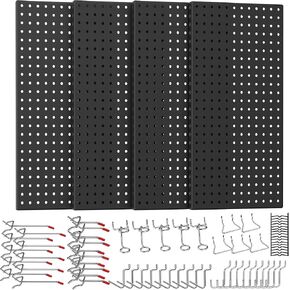 4 قطع من ألواح الألواح المعدنية من Ultrawall مع خطافات، منظم أدوات حائط Pegboard للجراج، 84 قطعة من ألواح الأوتاد مع الملحقات، 24 بوصة × 12 بوصة in Kuwait
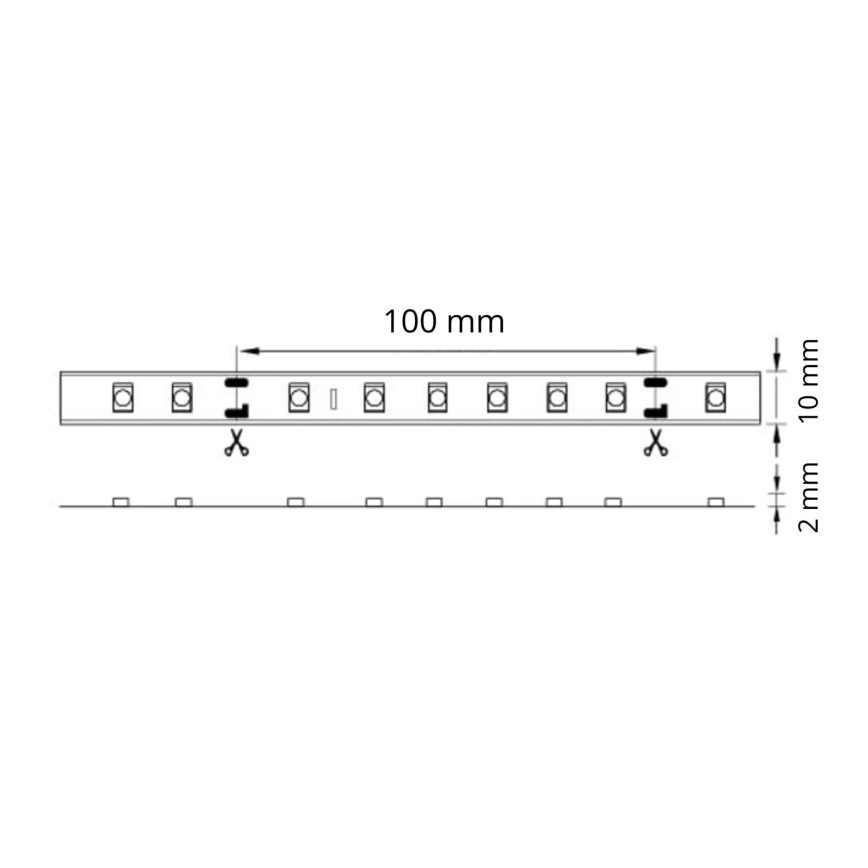 Cinta LED 5m 45W/12V IP20 3000K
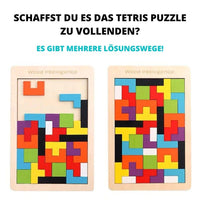 TETRIS Puzzle Spiel aus Holz - Waagemann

(Work to be completed): Restate the listing above word for word and skip each picture.

(Result of the task):
 4 قطع من ألواح الألواح المعدنية من Ultrawall مع خطافات، منظم أدوات حائط Pegboard للجراج، 84 قطعة من ألواح الأوتاد مع الملحقات، 24 بوصة × 12 بوصة in Kuwait
 Cinta LED 5m 45W/12V IP20 3000K
 TETRIS Puzzle Spiel aus Holz - Waagemann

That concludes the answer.